If changing your schema to break these up into smaller documents isn’t an option, I suggest taking the portions of the document that aren’t necessary for queries, or which change less often, and making them into a blob/attachment in JSON format. (Or multiple attachments, to keep them under 20MB.)

Hi Jens,
Thanks for the quick and detailed response. I don’t care much about loading document or query as that will almost never happen on client side nor on production server in my use case (this type of document is primarily for record-keeping purpose, which is why its size will grow over time, and I need to let it grow), but the 3rd and 4th points are indeed issues for me.
Breaking up the document into smaller documents isn’t an option for me (because even one of the fields could eventually grow beyond 20MB for active users). I was wondering what’s the size limits on the “blob/attachment in JSON format” you mentioned? I mean what’s the size limit per blob/attachment and what’s the limit on the number of such blob/attachment per document? And any performance considerations for blob/attachment when the total size is on the order of tens of MB?

Thanks!

(this type of document is primarily for record-keeping purpose, which is why its size will grow over time, and I need to let it grow)

It would probably be more efficient to create new documents rather than keep appending to an existing document. Or at least only append to an existing doc for a limited time or until it reaches a size threshold.

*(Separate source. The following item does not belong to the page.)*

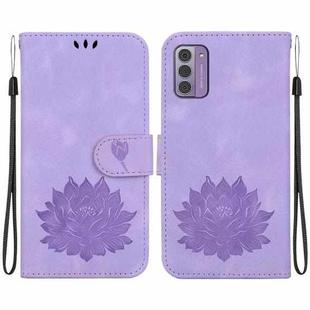 For Nokia G42 Lotus Embossed Leather Phone Case(Purple)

what’s the size limit per blob/attachment and what’s the limit on the number of such blob/attachment per document?

Individual blobs are also limited to 20MB since they’re also stored as documents in Couchbase Server.
There is no limit on the number of blobs attached to a document, though.

Thanks Jens ! I am thinking about setting size threshold to 5MB, once document reach this size, just create another document. This circles back to this question: what’s the best way to programmatically get CBLDocument size at run time from mobile end (iOS and Android) in November 2019?

The premise doesn’t make much sense in terms of Couchbase Lite since it stores files in a completely different format than Couchbase Server does. The closest estimate you could probably get would be to transform your document into a JSON string piece by piece and then see how long it becomes (blobs would have to be special cased but they are all roughly the same size in the actual document, so you could probably just add a delta onto your total per blob). Compare the size to the size on Server and adjust as necessary.

Hi Borrrden,
Thanks for the info. Since this is quite a bit of work, could you consider adding an instance method (e.g. getDocSize() or estimateDocSize() ) in CBLDocument class in future releases?

The use case for this is very narrow so I wouldn’t get your hopes up, but I’ll let @priya.rajagopal and @pasin know about it.

All you have to do is convert the document body to JSON, with no whitespace. Non-ASCII characters in strings should be written as UTF-8 and not escaped.

There is nothing special to do about blobs. They are not sent or stored as part of the document body.